Republicans in the North Carolina State House say two years is enough.

All 69 Republican state representatives, including Rep. Jon Hardister (R-Guilford) and Rep. John Faircloth (R-Guilford), signed a letter to Gov. Roy Cooper this week calling on Cooper to end the COVID-19 state of emergency and allow the state to move forward in a more normal fashion.

The letter notes that March 10 marks the two-year anniversary of Cooper’s Executive Order No. 116 that declared the COVID-19 state of emergency and states, “After two years of executive orders that shut down businesses, restricted gatherings, closed schools, and mandated masks, the people of North Carolina are more than ready to move on.”

The letter states that the Centers for Disease Control and Prevention (CDC) that it is dropping the universal indoor mask recommendations and “school districts and local governments across our state are ending their mask mandates.”

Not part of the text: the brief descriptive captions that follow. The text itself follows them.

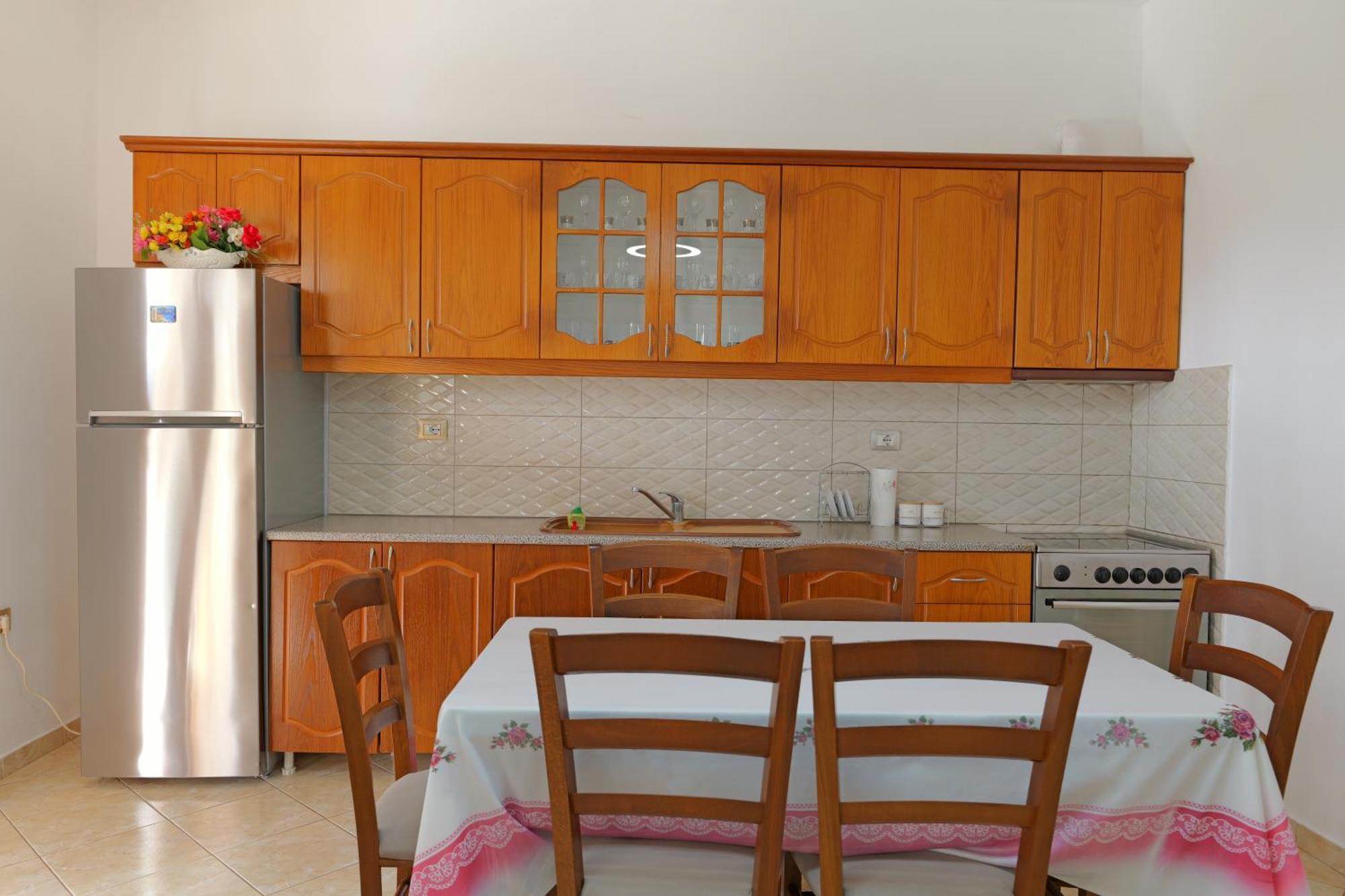 Brahimi Guest House Ksamil Zewnętrze zdjęcie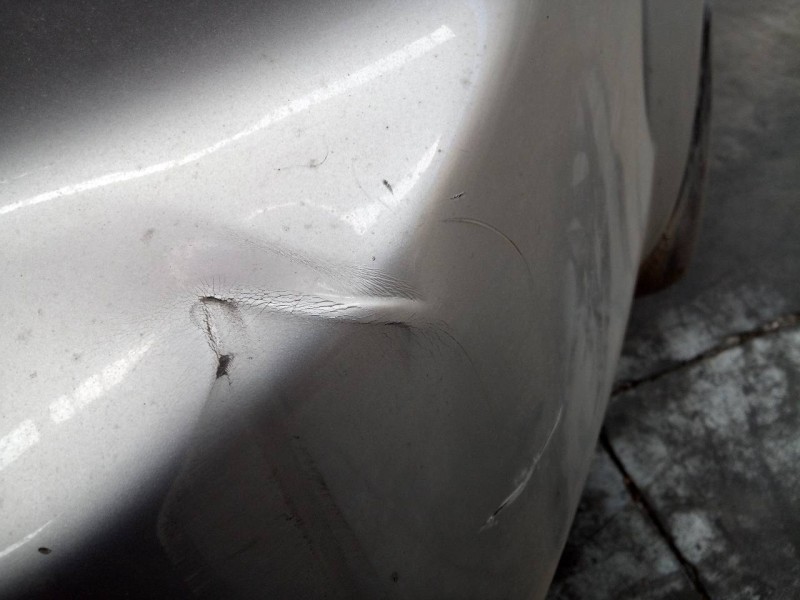 Recambio de paragolpes trasero para kia sorento 2.5 crdi concept referencia OEM IAM   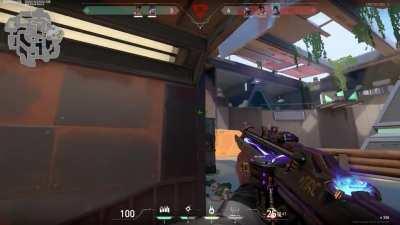 Had to do a 180° to get this ACE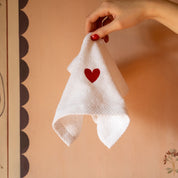 Embroidered heart - Torres Novas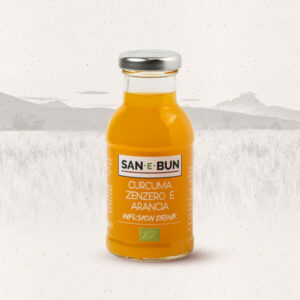 Veg Fusion: Curcuma Zenzero Arancia - San e Bun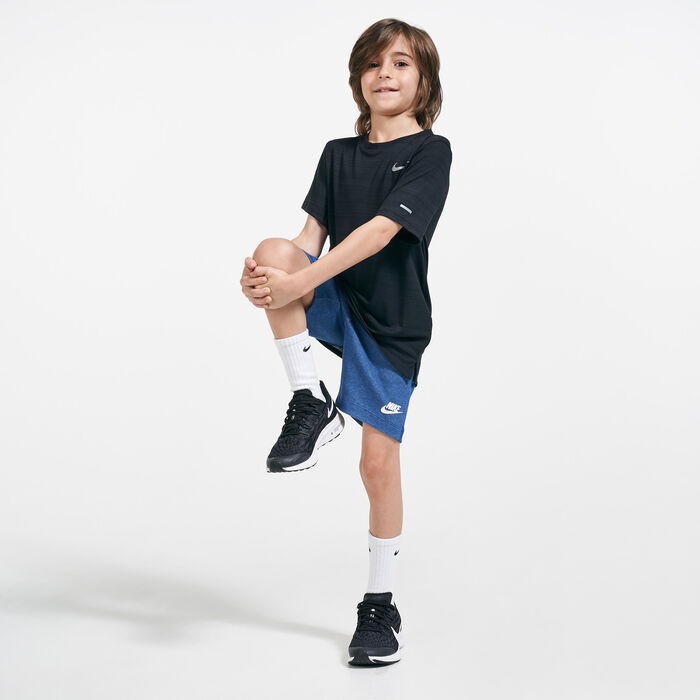 Nike Kids' Miler Run Division T-Shirt (Older Kids) Black Nike Kids' Miler Run Division T-Shirt (Older Kids) Black image number 2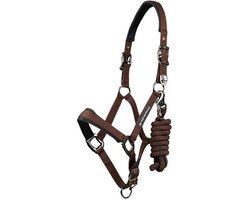 Nylon halster voor paard Premier Equine Corda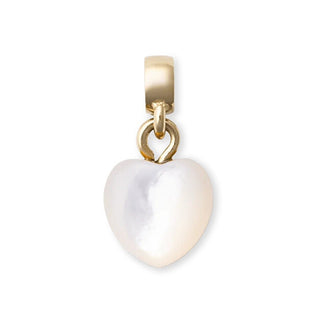 Daniel Wellington Pendentif romantique plaqué or avec nacre Dw00401479 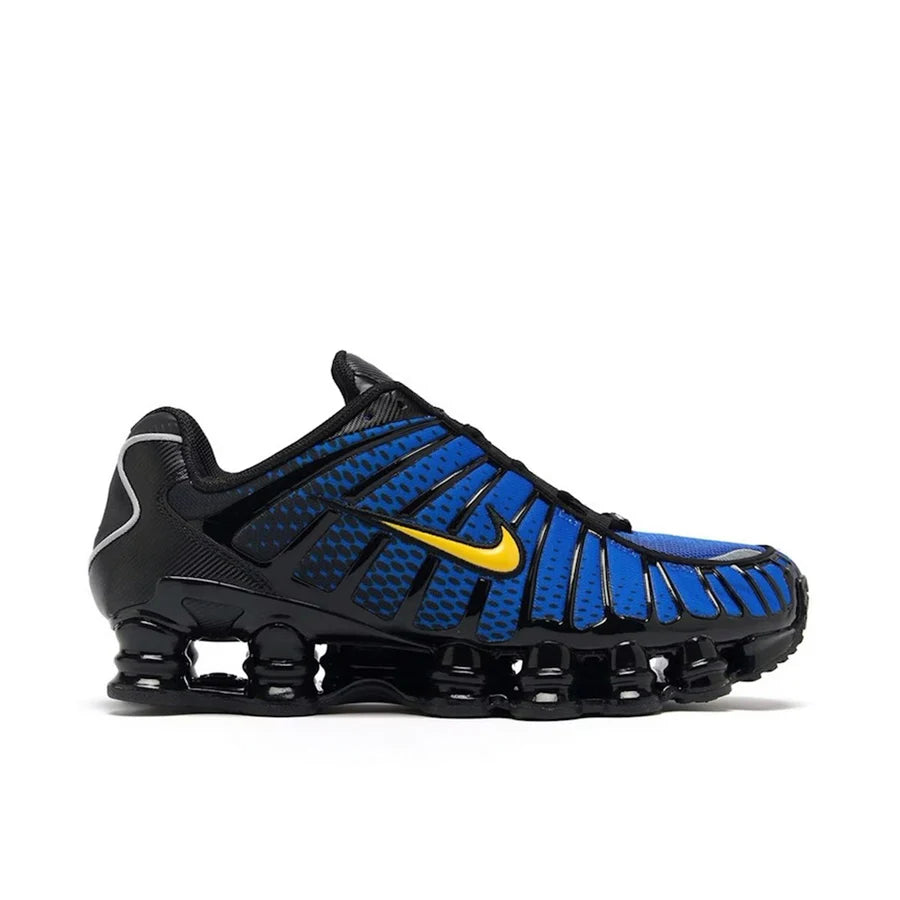 Nike Shox Black Lyon Blue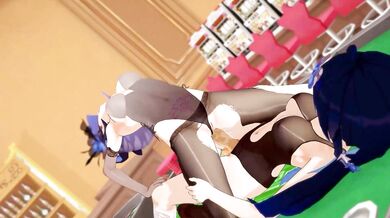 The Soul Taker! The Soul Seizing Sexual Intercourse with Futanari!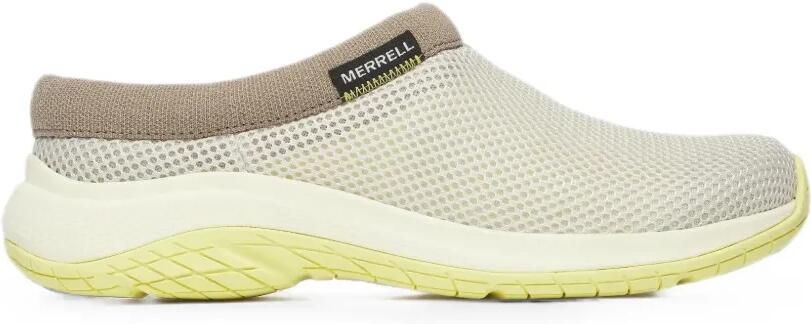 Merrell Encore Breeze 5 mesh muiltjes Beige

It also notes that in the past month new cases have dropped from an average of about 22,000 to about 3,000 and statewide hospitalizations are down from 5,089 a month ago to 1,618 and states, “As these key metrics continue to fall and vaccines remain readily available to those who want one, there is no justification for a continued state of emergency.”

The letter continues, “Simply put, there is no emergency.  Yet, there is still no plan or exit strategy set forth by your Administration outlining how and when the nearly two-year state of emergency can be lifted.”

The state of emergency gave Cooper vast power to make decisions such as closing restaurants and bars unilaterally without any input from the legislature or other elected officials.  Early in the state of emergency it was thought that Cooper had to have a consensus of the Council of State, made up of the 10 statewide elected officials in state government.  However, Cooper’s legal team found a way around that provision and the courts upheld Cooper’s ability to make decisions unilaterally.

After several attempts the Republican led legislature included reforms to the state of emergency powers in the state budget bill which Cooper signed.  However, the provisions in that bill won’t go into effect until 2023.